«Nous allons vers la merde, mais je ne sais pas encore en quelle compagnie.»
Edito du numéro 128 d'En-Contact, le magazine sur le BPO, les call-centers et l'expérience client. On évoque dans ce numéro les concurrents français de Genesys, dont ViaDialog, Kiamo, Diabolocom.. Romain Gary et un film coréen sur les call-centers: About Kim Sohee. Et pourquoi RS Components collabore avec Myopla.
De l’hospitalité.
Je dois vous l’avouer, je suis un grand amateur de La Soupe aux Choux, des romans de René Fallet et je mets au plus haut, dans mon panthéon personnel, les mimiques de Jacques Villeret, dans quantité de ses films et notamment et évidemment dans Le Dîner de Cons.

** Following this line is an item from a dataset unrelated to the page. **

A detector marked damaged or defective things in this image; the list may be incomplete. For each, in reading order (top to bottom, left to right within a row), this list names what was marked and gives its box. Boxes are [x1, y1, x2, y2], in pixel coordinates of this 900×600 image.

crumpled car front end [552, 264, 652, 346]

Il m’arrive parfois de me demander ce que la Denrée* aurait à nous dire, s’il débarquait de sa soucoupe, en 2023. Je crois qu’il regretterait que Airbnb saccage Saint Malo, qu’il se foutrait comme d’une guigne de ChatGPT et qu’il nous dirait que ce qui est unique, c’est l’hospitalité. Savoir accueillir l’autre, lui faire une place et lui consacrer du temps, un sacré programme.

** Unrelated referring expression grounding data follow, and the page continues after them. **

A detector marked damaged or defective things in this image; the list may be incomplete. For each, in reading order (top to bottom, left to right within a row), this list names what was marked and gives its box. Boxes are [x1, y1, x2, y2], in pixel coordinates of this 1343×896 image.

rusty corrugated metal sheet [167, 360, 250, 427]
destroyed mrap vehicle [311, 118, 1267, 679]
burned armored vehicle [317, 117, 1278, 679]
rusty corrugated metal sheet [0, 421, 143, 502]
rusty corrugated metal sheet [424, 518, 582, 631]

Instants et emplettes mémorables
Dans ce numéro 128, vous trouverez donc quelques nouvelles de ceux qui ont décidé, en France, en Tunisie, à Paris, à Marrakech, à Orsay, de rendre, avec leurs équipes ou leurs outils, quelques instants de nos vies mémorables. On y parle également d’emplettes incroyables, celles que font en se répondant l’un à l’autre, quelques grands acteurs mondiaux du BPO, tels Concentrix, Webhelp, Teleperformance, Majorel. D’un grand mensonge, celui qui concerne les avis clients, trafiqués comme tant d’autres choses. Et de quelques éditeurs français qui ont décidé qu’ils étaient en mesure d’être une alternative crédible à Genesys. Vous voilà, le temps de la lecture de ce magazine en bonne compagnie, je l’espère !

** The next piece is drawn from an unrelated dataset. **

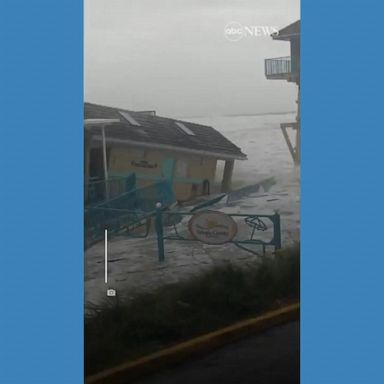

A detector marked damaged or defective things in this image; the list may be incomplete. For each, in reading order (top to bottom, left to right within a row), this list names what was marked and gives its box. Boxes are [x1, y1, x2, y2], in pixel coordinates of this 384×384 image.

damaged roof [84, 102, 246, 160]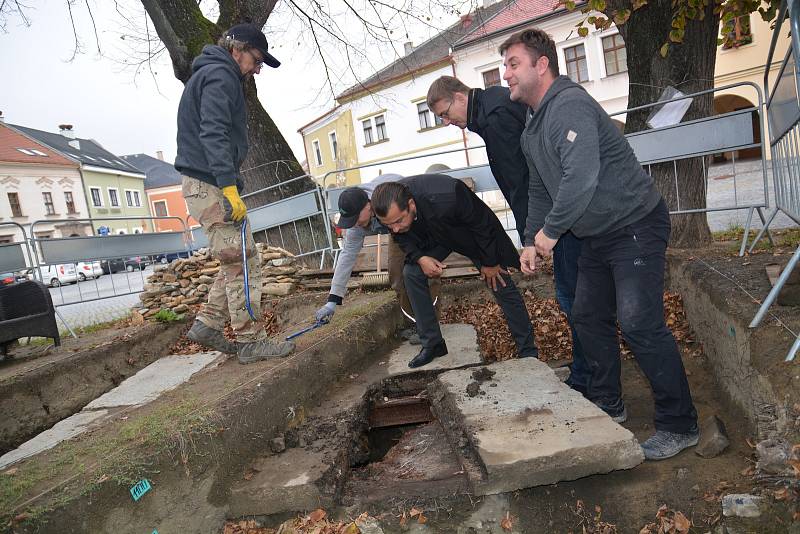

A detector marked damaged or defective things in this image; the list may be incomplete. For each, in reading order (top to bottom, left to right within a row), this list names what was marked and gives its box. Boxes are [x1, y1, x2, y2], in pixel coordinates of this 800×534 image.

cracked concrete slab [386, 322, 482, 376]
cracked concrete slab [432, 360, 644, 498]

Qui vous accompagne, la bonne et seule vraie question
Lecture conseillée pour l’été ? Romain Gary. « Dans le monde aujourd’hui, les masses de réalité socio-économiques, ethniques et géographiques sont d’une telle puissance que les « grands patrons » capables de faire autre chose que de porter des diagnostics et de suivre le processus évolutif de plus en plus rapide, n’ont pratiquement plus d’initiatives. Nous sommes en fin de queue d’une civilisation, il y a quelque part un enfant-civilisation qui donne déjà des coups de pied mais qui n’est pas prêt à sortir et on ne sait encore rien de lui. Une confuse gestation. Chez les femmes, on sait, ça dure neuf mois, mais chez les civilisations... Si tu prends la diplomatie française aujourd’hui, tu vois un homme qui court au plus pressé, Jobert, mais qui n’a absolument aucune action sur les éléments, qui s’efforce de veiller au confort des passagers français pendant un parcours dont la direction lui échappe complètement... Ce qu’il y a en effet de frappant dans « l’accélération de l’histoire » que nous vivons, c’est que cette vitesse vertigineuse à laquelle le monde court vers l’avenir s’accompagne d’une absence de contrôle sur la direction de marche. Dans ce voyage à l’aveugle du passager français, on a réussi à escamoter entièrement la question essentielle, celle de la destination, et à la remplacer par celle du confort matériel à 1’intérieur du véhicule... Personnellement la direction ne me dit rien qui vaille. Pour parler franchement et brutalement, pour parler le langage des origines de cette langue et de l’époque de sa grande santé, je crois que nous allons vers la merde, mais je ne sais pas encore en quelle compagnie. »
Manuel Jacquinet.
La nuit sera calme, Romain Gary, « L’air du temps », 1974 Gallimard.
* Le nom du personnage du martien, incarné par Jacques Villeret, dans La Soupe aux choux.